Tree canopy & impervious surface

Both land-cover variables come from national products, sampled in Earth Engine:

Canopy and impervious cover change slowly relative to temperature, so values from the most recent available years represent the study window. They were not multi-summer composited in the way LST was.

05

Zonal statistics per neighborhood

With three raster surfaces (temperature, canopy, impervious) and 65 neighborhood polygons, the next step was zonal statistics: reducing each raster to one value per neighborhood. Earth Engine's reduceRegions did this in a single pass.

The result is a 65-row table of mean temperature, temperature standard deviation, mean canopy, and mean impervious cover per neighborhood.

06

Census income & the PostGIS spatial join

Median household income is published by the U.S. Census at the tract level, which does not align with neighborhood boundaries. Aggregating tract income to neighborhoods requires a spatial join, performed in PostGIS.

Retrieval

Current income (ACS 2018–2022, table B19013) was pulled for all 290 Travis County tracts using R's tidycensus, with tract geometry attached, and written to the spatial database.

The reprojection problem

The census tracts were in NAD83 (EPSG:4269) and the neighborhoods in WGS84 (EPSG:4326). PostGIS does not permit spatial operations across mismatched coordinate systems, so the tracts were transformed before the join:

-- reproject tracts NAD83 -> WGS84 to match neighborhoods
UPDATE income_tracts
SET geometry = ST_Transform(geometry, 4326);
SELECT UpdateGeometrySRID('income_tracts', 'geometry', 4326);

The area-weighted join

Each neighborhood overlaps several tracts partially. Each tract's income was weighted by the area of its overlap with the neighborhood, then averaged:

SELECT
  n.name,
  SUM(t.median_income * ST_Area(ST_Intersection(n.geometry, t.geometry)))
    / NULLIF(SUM(ST_Area(ST_Intersection(n.geometry, t.geometry))), 0)
    AS income_weighted
FROM neighborhoods n
JOIN income_tracts t
  ON ST_Intersects(n.geometry, t.geometry)
WHERE t.median_income IS NOT NULL
GROUP BY n.name;

In words: join each neighborhood to every tract it touches, compute the overlapping sliver of geometry, use that sliver's area as the weight, and take the area-weighted mean income.
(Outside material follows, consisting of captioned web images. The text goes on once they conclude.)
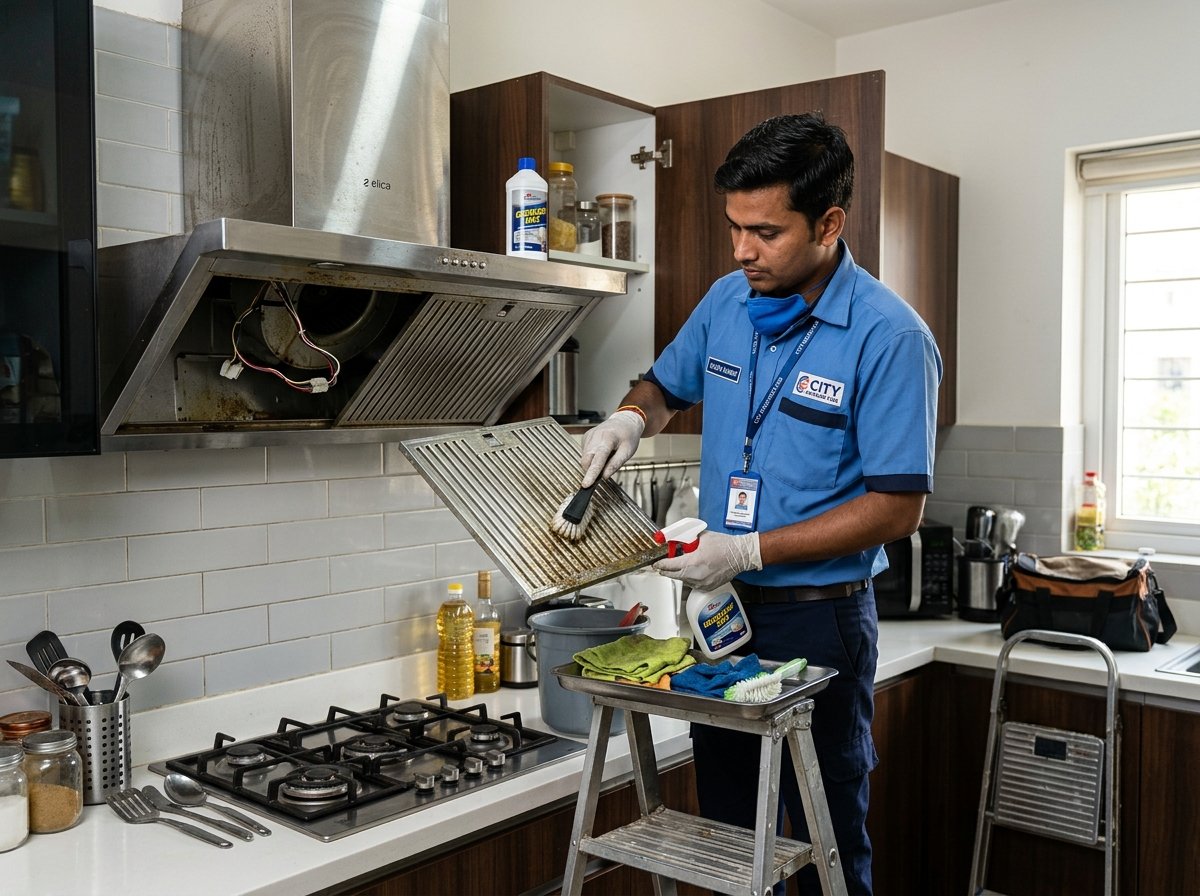 Kitchen Chimney Deep Cleaning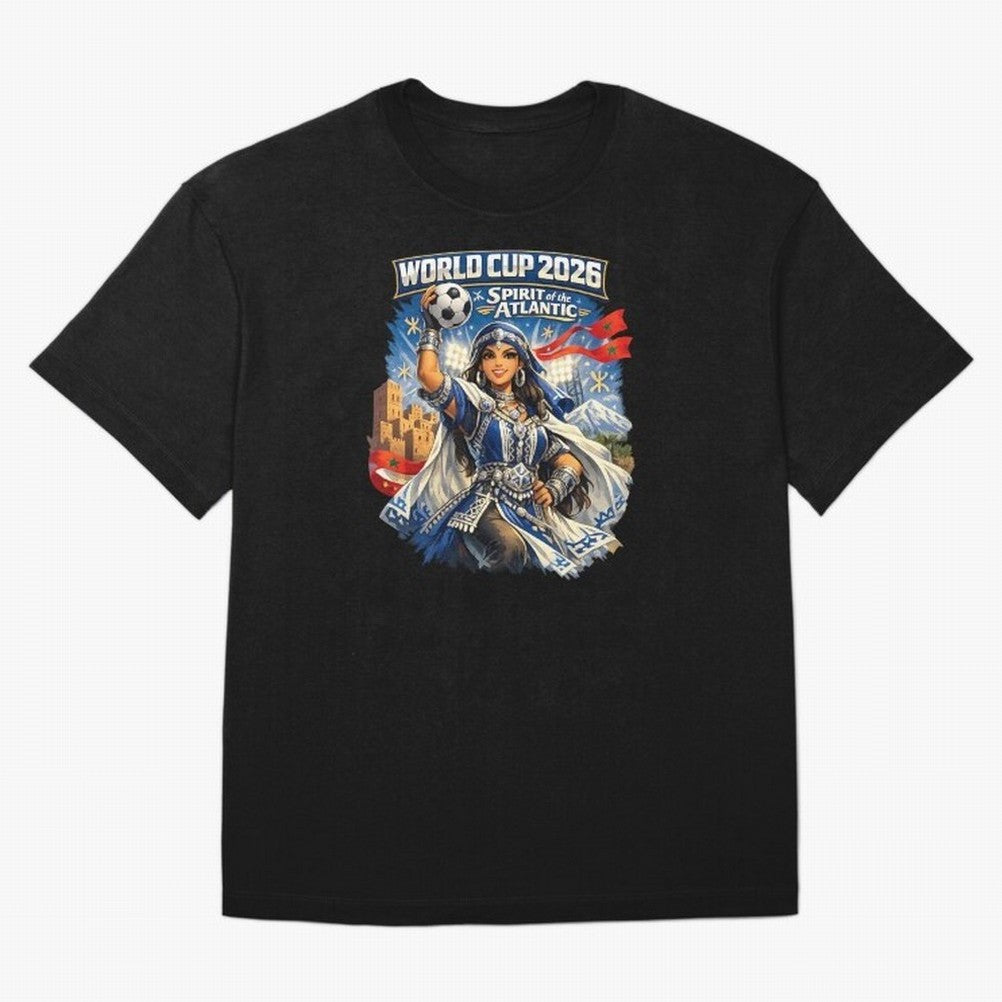 Moroccan Women World Cup 2026 Atlantic Spirit Classic T-Shirt Show Support during the FIFA World Cup 2026 Journey through Haaland Highlights, Argentina and Brazil Pride, Vintage Soccer Flavor, Modern Football Stars, National Flags and Final Night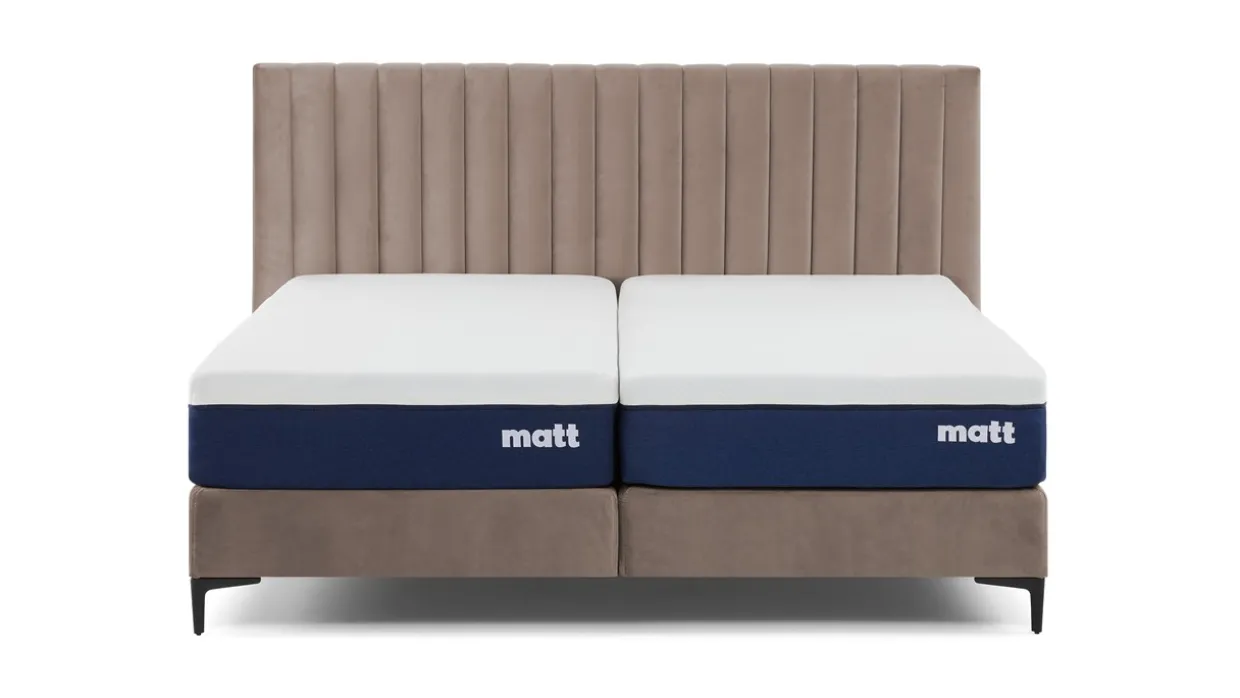 Matt Sleeps Boxspring Velvet stroken met matras Matt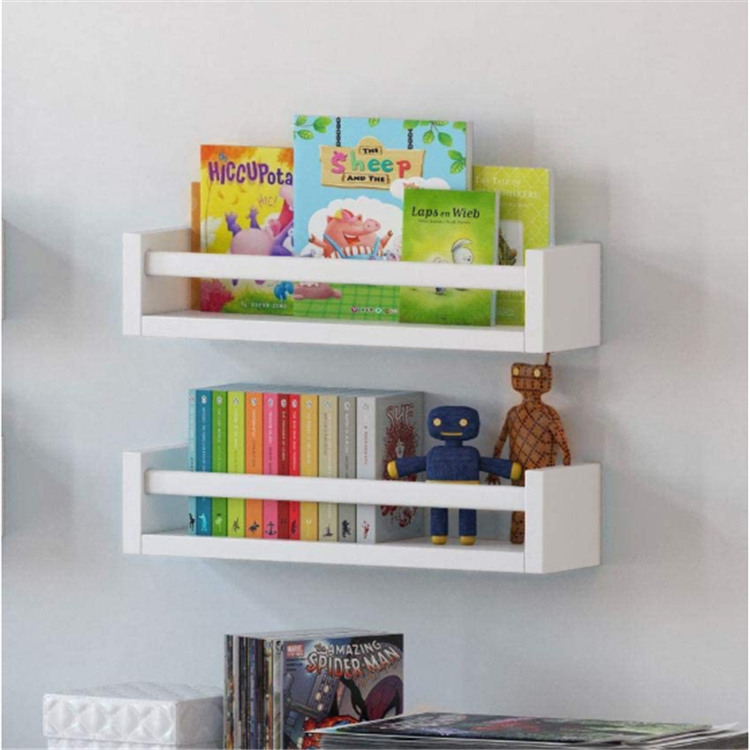 Etagere Set Of 3 White Nursery Small Book Storage Shelves Living Room Wooden Kitchen Wall Shelf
Tracts with no reported income are dropped so they cannot distort the average.

07

Correlation analysis

Pearson correlations were computed against surface temperature across all 65 neighborhoods:

RelationshiprStrength
Tree canopy ↔ heat−0.87Strong negative
Impervious surface ↔ heat+0.83Strong positive
Median income ↔ heat−0.51Moderate negative

The correlations are computed across all 65 neighborhoods. The six neighborhoods featured in the story map illustrate the pattern; the statistics describe the full set.

08

Limitations & honest caveats

Surface, not air, temperature. All temperatures are land surface temperature from satellite thermal imagery, which on a summer afternoon runs far hotter than the air a person feels. The values are correct for what they measure; they should never be read as air temperature.
Canopy and pavement are correlated. Leafy neighborhoods tend to be less paved, so the two strongest predictors overlap. The analysis describes a coherent pattern (green-and-cool vs. paved-and-hot); it does not claim canopy and pavement are independent causes.
Income correlation is moderate. The income–heat correlation (r = −0.51) is weaker than the canopy and impervious correlations, and individual neighborhoods depart from the trend: Central East Austin is hot despite rising income, Zilker is relatively cool despite high income.
Student-neighborhood artifact. A few areas near the university (West University, UT) report artificially low census income because of student households, which pulls on the citywide income correlation. This is a known property of ACS data at the tract level.
Date offset. LST spans 2022–2024; canopy is 2022–2023; impervious is 2021. Land cover changes slowly over this interval.
09

Reproducing this work

The pipeline runs from public data: City of Austin neighborhood boundaries, Landsat and NLCD collections in Earth Engine, and Census ACS data via the Census API. The Earth Engine scripts, R census retrieval, and PostGIS queries are in the project repository.